Debt Management Committee approves Putrajaya’s 2020 Borrowing Programme

KUALA LUMPUR, Dec 6 — The Debt Management Committee (DMC) has endorsed the Federal Government’s 2020 Borrowing Programme, which includes the option of issuing an additional tranche of the Samurai bond.

Finance Minister Lim Guan Eng in a statement today said the decision was made during the DMC meeting on December 2, where the committee had also discussed on action plans to manage the government’s debt and liabilities.

“The committee also highlighted the importance of containing government guarantees (GG) and public-private partnership (PPP) obligations to avoid unnecessary intergenerational transfers of debt burden, where our children will be paying our debts,” he said.

He said the committee evaluated existing and additional GG facilities, as well as the best practices in assessing and monitoring contingent liabilities using the latest financial technology.

Lim said the government is committed to consolidate its overall debt and liabilities, adding that in the medium-term, the government targets to lower its debt and liabilities to 65 per cent of gross domestic product (GDP) by end-2025 from 77.1 per cent as of end-June 2019.

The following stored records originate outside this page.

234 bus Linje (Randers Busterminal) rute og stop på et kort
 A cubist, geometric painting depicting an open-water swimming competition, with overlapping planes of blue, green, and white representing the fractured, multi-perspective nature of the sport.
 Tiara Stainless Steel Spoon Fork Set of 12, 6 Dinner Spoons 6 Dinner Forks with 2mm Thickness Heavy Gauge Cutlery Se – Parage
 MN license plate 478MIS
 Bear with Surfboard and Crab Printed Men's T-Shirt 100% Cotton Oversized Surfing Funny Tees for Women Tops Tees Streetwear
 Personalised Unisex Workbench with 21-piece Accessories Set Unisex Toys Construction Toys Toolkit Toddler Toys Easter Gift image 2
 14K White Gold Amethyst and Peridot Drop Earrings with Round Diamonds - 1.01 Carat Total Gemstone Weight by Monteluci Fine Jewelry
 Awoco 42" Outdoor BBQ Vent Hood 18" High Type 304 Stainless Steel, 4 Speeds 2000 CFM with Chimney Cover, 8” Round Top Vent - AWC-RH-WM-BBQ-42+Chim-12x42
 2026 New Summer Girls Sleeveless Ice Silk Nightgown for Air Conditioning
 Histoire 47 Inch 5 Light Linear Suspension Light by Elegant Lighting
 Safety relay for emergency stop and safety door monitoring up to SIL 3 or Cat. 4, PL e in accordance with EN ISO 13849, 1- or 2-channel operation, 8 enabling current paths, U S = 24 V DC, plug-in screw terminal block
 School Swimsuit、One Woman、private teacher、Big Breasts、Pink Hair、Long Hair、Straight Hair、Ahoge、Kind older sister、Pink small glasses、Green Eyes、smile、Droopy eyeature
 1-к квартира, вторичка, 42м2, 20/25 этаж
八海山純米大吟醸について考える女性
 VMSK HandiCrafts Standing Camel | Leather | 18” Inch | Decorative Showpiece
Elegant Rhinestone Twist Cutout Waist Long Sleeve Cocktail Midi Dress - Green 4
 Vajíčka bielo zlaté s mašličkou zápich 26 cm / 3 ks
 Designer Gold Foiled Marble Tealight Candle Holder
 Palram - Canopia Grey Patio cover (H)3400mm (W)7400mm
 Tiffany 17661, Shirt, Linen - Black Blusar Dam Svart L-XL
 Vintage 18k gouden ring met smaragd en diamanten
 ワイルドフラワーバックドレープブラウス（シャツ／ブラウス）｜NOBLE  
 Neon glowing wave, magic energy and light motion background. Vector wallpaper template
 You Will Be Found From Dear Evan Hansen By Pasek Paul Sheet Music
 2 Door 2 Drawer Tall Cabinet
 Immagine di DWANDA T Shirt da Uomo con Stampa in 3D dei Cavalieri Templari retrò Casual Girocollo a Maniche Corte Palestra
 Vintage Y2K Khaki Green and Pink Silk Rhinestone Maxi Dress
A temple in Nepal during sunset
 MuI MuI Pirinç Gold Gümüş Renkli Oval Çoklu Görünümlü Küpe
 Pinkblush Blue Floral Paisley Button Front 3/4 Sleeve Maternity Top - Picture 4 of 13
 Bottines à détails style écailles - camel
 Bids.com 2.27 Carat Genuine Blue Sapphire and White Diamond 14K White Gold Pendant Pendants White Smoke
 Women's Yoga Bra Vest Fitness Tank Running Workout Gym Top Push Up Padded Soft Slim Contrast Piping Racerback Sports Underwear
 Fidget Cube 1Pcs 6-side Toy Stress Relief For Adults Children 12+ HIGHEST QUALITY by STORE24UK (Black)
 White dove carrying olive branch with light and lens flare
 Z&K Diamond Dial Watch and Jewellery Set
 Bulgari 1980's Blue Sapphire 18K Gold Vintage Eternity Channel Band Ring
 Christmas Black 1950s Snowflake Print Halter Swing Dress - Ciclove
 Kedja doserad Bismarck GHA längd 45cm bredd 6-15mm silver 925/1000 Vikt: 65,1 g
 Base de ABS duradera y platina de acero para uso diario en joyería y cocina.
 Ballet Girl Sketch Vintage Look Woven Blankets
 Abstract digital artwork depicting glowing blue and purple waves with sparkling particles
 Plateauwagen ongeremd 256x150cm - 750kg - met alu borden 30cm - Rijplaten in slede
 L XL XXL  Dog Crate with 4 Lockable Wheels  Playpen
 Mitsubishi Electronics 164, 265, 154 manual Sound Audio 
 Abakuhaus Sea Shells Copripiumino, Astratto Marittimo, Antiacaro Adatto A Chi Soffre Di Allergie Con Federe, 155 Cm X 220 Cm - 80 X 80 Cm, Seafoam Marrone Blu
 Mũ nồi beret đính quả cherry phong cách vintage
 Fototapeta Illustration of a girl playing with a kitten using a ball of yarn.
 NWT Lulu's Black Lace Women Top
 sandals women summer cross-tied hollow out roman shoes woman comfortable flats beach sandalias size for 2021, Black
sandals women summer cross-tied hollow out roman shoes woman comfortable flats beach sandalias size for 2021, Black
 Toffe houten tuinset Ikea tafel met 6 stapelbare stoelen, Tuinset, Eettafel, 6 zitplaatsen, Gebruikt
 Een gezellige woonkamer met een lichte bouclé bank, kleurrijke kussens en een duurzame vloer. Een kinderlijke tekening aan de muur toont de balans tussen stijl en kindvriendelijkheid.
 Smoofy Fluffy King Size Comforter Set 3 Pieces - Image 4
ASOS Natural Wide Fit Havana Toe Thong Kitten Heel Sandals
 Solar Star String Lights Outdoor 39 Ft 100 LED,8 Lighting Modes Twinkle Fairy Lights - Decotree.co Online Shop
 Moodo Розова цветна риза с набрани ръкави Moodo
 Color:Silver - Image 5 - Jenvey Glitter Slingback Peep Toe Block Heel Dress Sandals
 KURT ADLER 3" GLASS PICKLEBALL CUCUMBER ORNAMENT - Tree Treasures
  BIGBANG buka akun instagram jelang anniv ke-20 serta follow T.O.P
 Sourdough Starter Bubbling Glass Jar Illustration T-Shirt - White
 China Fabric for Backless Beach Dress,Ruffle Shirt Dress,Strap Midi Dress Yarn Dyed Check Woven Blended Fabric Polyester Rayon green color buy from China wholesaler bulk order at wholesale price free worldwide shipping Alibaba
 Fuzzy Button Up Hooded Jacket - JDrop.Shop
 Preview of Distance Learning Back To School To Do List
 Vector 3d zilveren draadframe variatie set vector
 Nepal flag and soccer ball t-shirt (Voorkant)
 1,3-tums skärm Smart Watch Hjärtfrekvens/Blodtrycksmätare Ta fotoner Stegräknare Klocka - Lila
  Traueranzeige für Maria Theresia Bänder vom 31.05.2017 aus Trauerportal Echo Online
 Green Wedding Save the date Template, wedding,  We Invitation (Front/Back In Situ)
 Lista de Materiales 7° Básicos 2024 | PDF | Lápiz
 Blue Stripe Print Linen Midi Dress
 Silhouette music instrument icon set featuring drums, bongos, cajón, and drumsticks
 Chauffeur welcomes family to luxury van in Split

“Debt and liabilities (as at end-June 2019) comprised of government’s direct debt (52.6 per cent), committed government guarantees (10.4 per cent), 1MDB debt (2.1 per cent) and other liabilities, namely PPP, Pembinaan BLT Sdn Bhd and private finance initiatives (12 per cent),” he said.

On Malaysia’s total external debt, which stood at RM931.1 billion as of end-June 2019, Lim said only RM190 billion of the external debt belonged to the government through its direct debt.

“External debt is different from the government’s direct debt as it comprises individual, corporate and government debt held by foreigners, as well as offshore borrowings and non-resident deposits,” he said.

Lim said direct debt in the first quarter of 2018 stood at RM705 million, which rose to RM799.1 billion in the second quarter of 2019.

“The RM94.1 billion increase in direct debt-financed development expenditure, fiscal deficit and debt repayments, including 1MDB,” he added.